- Exercise description: Set down every line from the one with "this 1456×819 image." to the end of the entries, both ends included, exactly as it reads and without pictures.

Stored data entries
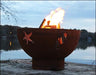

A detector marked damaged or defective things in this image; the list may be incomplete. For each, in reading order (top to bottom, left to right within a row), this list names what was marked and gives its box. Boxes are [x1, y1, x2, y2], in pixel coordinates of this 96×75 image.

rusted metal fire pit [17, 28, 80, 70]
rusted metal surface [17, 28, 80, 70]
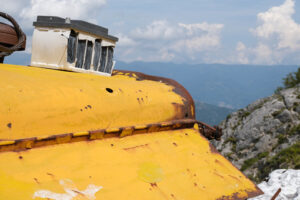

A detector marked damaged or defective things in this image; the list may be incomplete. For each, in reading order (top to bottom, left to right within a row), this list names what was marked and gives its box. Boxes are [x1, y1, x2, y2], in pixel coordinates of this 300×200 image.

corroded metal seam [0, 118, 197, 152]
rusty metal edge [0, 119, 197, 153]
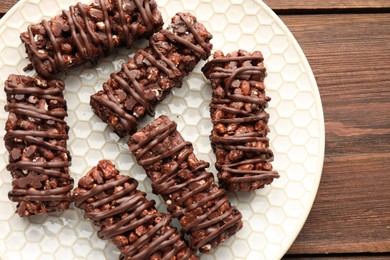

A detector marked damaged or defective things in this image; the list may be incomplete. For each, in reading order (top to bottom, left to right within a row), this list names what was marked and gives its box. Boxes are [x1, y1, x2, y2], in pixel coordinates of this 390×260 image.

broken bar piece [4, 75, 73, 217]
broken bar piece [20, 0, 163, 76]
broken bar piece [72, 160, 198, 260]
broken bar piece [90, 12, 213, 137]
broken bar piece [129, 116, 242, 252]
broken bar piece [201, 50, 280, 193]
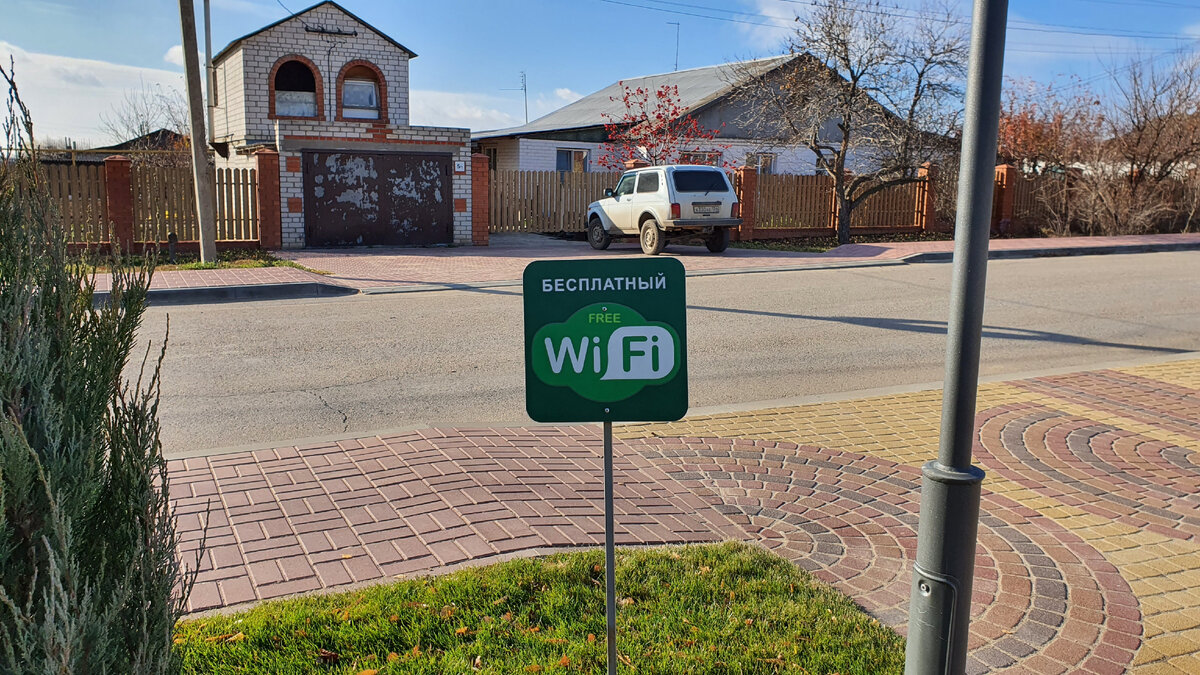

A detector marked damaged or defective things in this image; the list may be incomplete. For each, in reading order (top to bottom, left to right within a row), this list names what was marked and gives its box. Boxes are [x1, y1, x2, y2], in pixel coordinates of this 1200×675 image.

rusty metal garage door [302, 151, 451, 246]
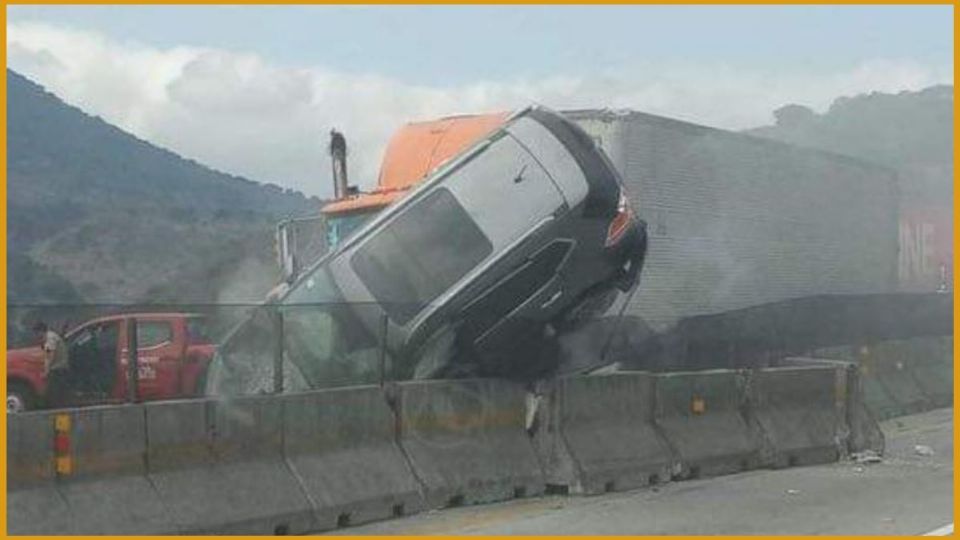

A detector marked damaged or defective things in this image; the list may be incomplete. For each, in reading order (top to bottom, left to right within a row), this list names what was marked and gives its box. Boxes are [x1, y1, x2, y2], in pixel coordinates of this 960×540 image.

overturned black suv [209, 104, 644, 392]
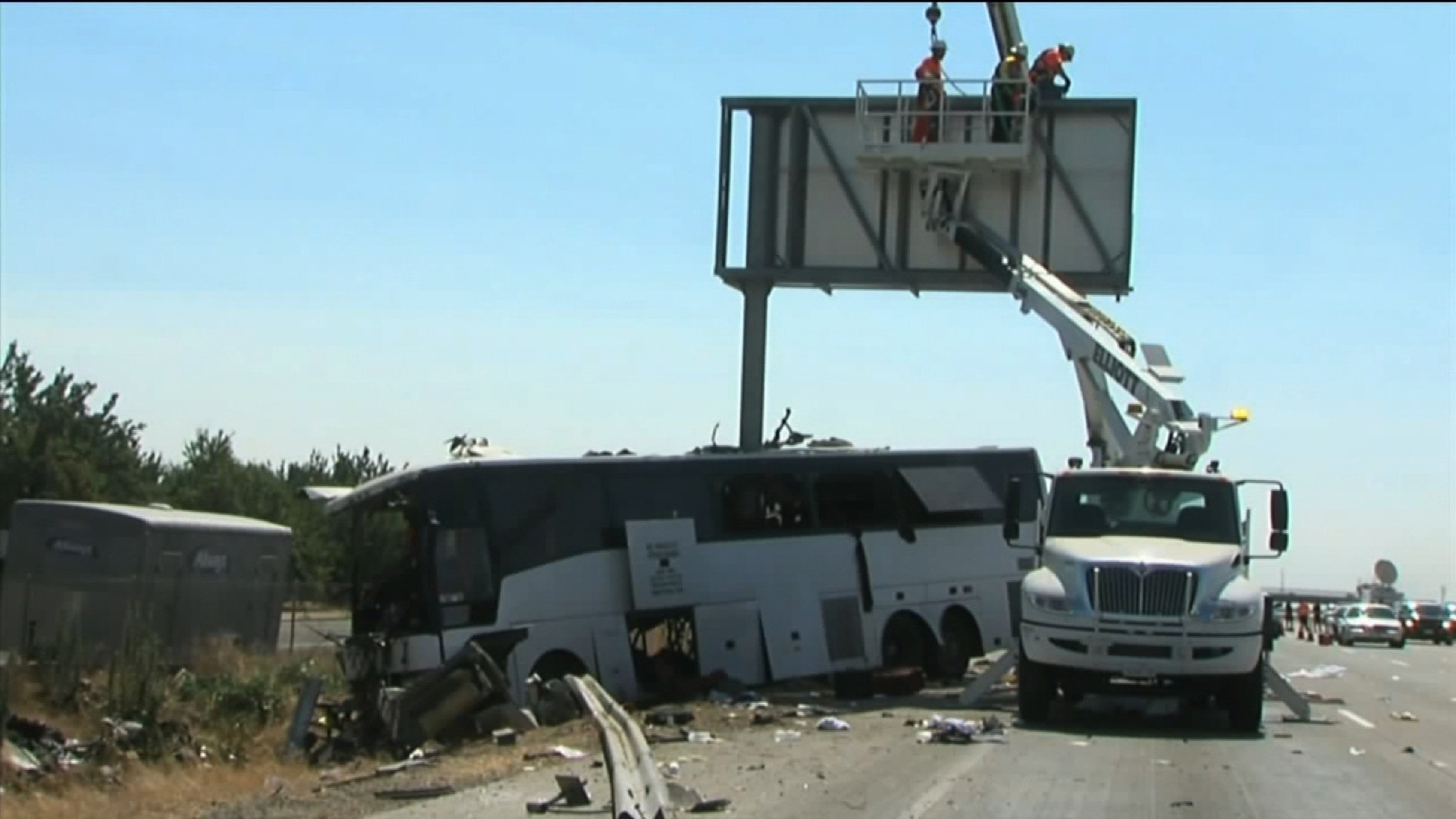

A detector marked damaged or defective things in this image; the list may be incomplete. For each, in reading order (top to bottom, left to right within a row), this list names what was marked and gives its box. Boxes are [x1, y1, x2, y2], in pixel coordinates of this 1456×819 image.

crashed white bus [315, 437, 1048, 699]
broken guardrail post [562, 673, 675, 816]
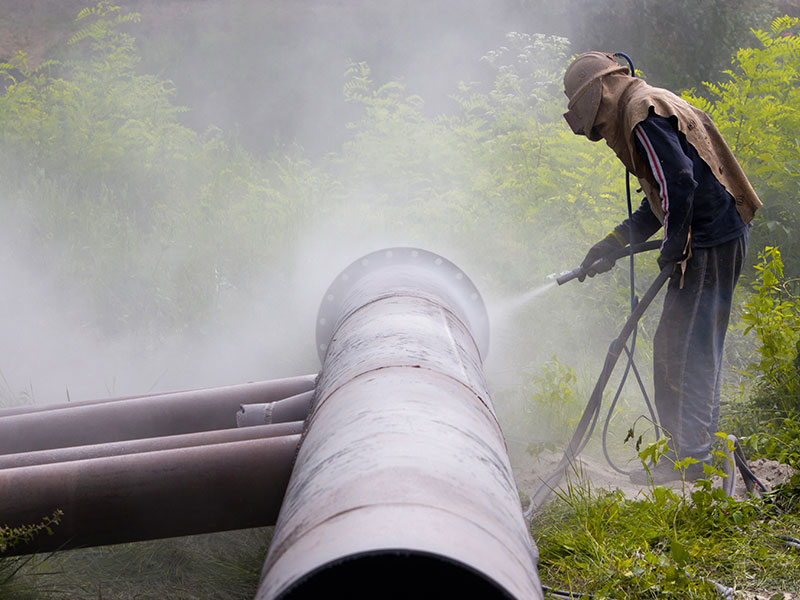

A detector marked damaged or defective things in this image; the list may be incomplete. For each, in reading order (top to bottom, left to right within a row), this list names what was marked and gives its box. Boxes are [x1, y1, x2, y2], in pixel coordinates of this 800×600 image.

- Response:
A detector marked damaged or defective things in this image; the list may be incomplete. For each, in reading order (top to bottom, left to right within a row), this list names what was marked and gives its box. Boxes are [x1, y1, x2, y2], in pixel coordinates of this 1456×819 image.

crashed white bus [315, 437, 1048, 699]
broken guardrail post [562, 673, 675, 816]

A detector marked damaged or defective things in this image; the list may be incomplete. For each, in reading order (top to bottom, left to right within a row), this list names what was marked and gives its box. Boxes are [x1, y1, x2, y2], in pixel coordinates of this 800×600 image.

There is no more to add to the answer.